The "why" is that Rust passes this information to LLVM, and LLVM feeds this information to optimization passes, which in turn can make assumptions based on what they've been told. These assumptions can be propagated and mixed in complex ways, and invalid assumptions can lead to generation of invalid code.

UB has this annoying habit of seeming harmless and working fine most of the time. But wrong inputs to optimization can create logical paradoxes within the compiler, and this makes it optimize "impossible" code so badly it may seem like it's doing it out of spite. I'm not sure it this case specifically causes this in practice, but there are examples where touching uninitialized memory makes LLVM break causality.

7 Likes

I was trying to imagine this morning a semi-realistic implementation of Rust where my unsafe/UB code might actually fail. Here goes...

Imagine a machine with parity-checked memory. Memory starts off in an undefined state where the parity bit has not yet been calculated. There are instructions to "initialise" memory with a value (with a correctly computed parity bit), but if you try to read a byte of memory that has not been initialised the machine stops execution entirely, complaining a parity error has been detected, and has to be restarted. Or maybe even if you write a byte of memory, and use the "wrong" instruction (not an "init" variant ) the parity check fails.

Now also imagine that someone has put tracing into the implementation of Read, so that the buffer ( all of it! ) is printed to the console before it returns. Or the machine does the parity check when a byte is written. Now, when my program calls Read, the attempt to print (or even write) the buffer will fail and the machine will stop with a "parity error".

Does that help show why although the code appears to work, it might not work on all implementations of Rust?

3 Likes

You can probably simplify that explanation even further.

Imagine a DebugReader type which wraps a normal reader and logs the contents like this:

struct DebugReader<R>(R);

impl<R: Read> Read for DebugReader<R> {
  fn read(&mut self, buffer: &mut [u8]) -> Result<usize, Error> {
    let bytes_read = self.0.read(buffer)?;
    log::debug!("Read {} bytes into {:?}", bytes_read, buffer);
    Ok(bytes_read)
  }
}

Now imagine it gets used with an uninitialized buffer...

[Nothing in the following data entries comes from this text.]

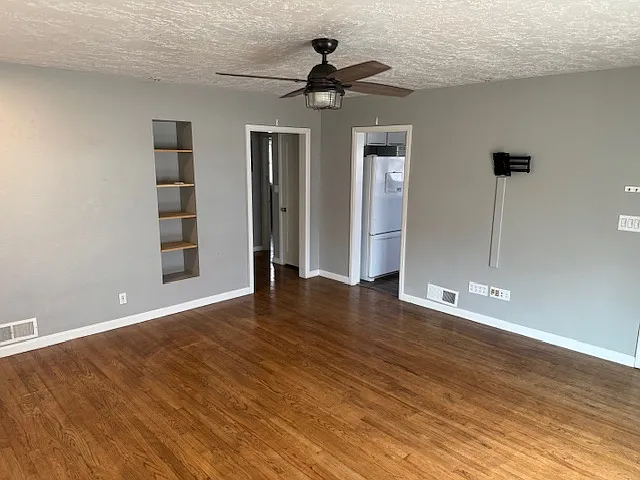 3 bed, 1852 sqft, $1,700 — Photo 2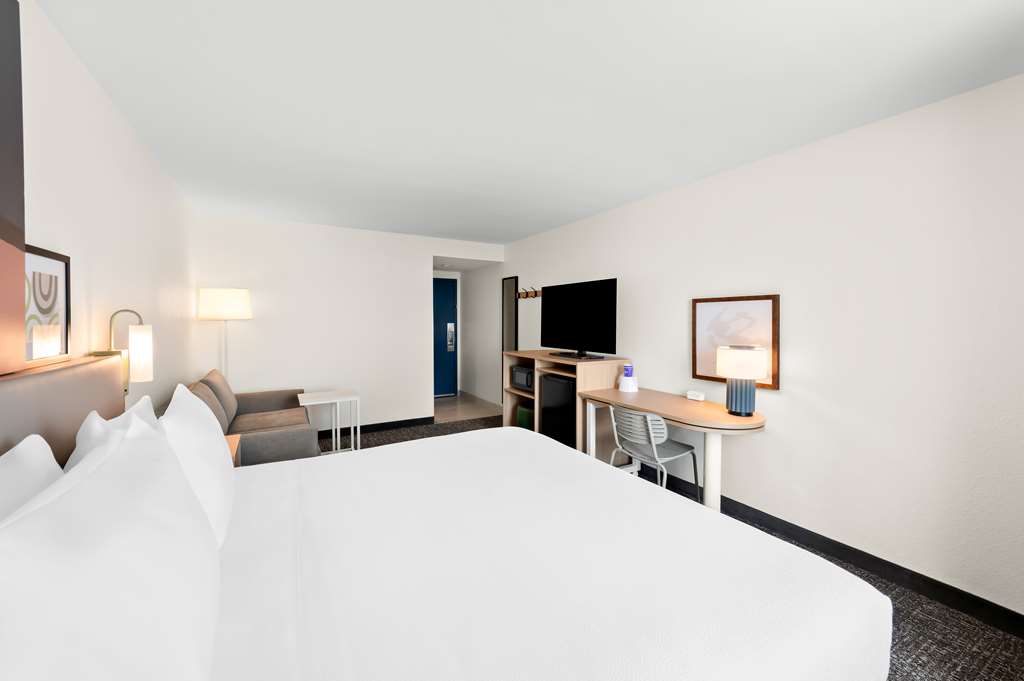 Guest room
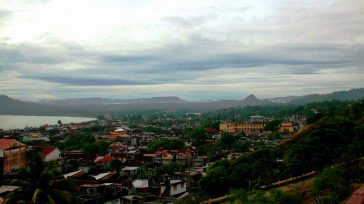 Nadie en las calles. Se escuchaba también el sonido del viento como una pieza musical interpretada con un violín bien afinado y el canto de unas aves inmensamente bellas. &nbsp; [&hellip;]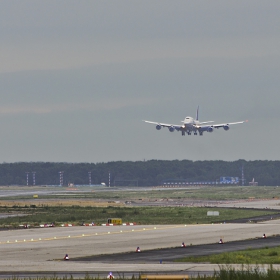 Boeing 747-430  каца на летище Frankfurt am Main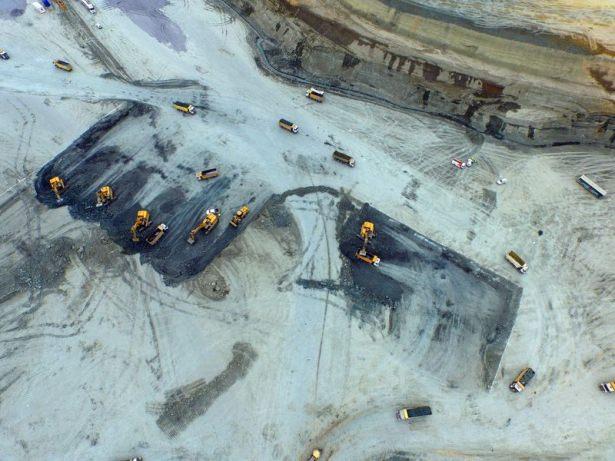 <p>Birinci etabının finansmanı için 6 bankadan 4,5 milyar avroluk kredi sağlayan işletmeci firma İGA, projeyle ilgili bilgileri www.igairport.com internet sitesinden yayınlıyor.</p>
<p> </p>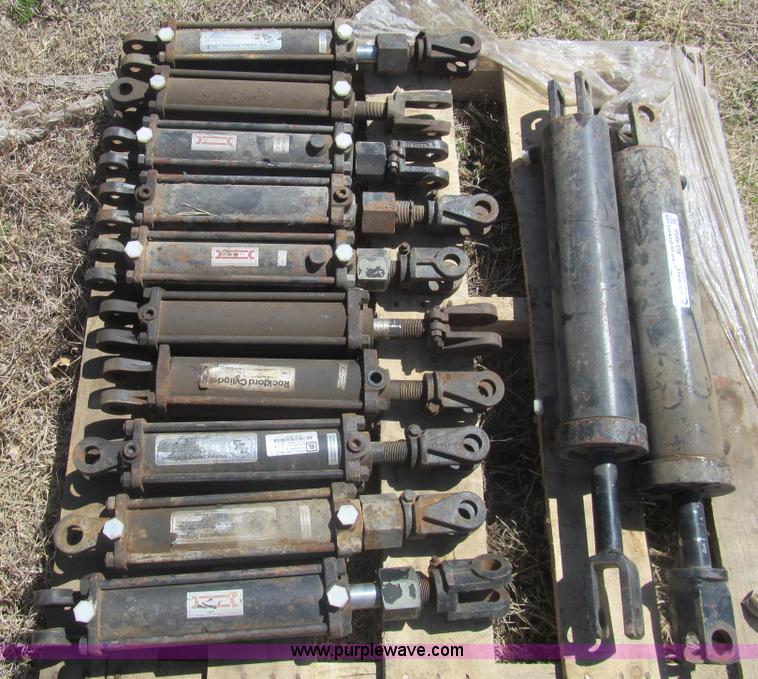 image for item AQ9856 (12) hydraulic cylinders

let mut reader = DebugReader(std::io::stdin());

let uninitialized_buffer: MaybeUninit<[u8; 1024]> = MaybeUninit::uninit();
let mut buffer = unsafe { uninitialized_buffer.assume_init() };

let n = reader.read(&mut buffer)?;

do_something_with_data(&buffer[..n]);
};

It's quite possible that the compiler will see DebugReader's read() method invoking UB (it logs the entire buffer, not just the first bytes_read).

Then, because read() is so trivial it gets inlined into the caller and now the optimiser omits the do_something_with_data(&buffer[..n]) call because it is done after triggering UB and triggering UB can never happen.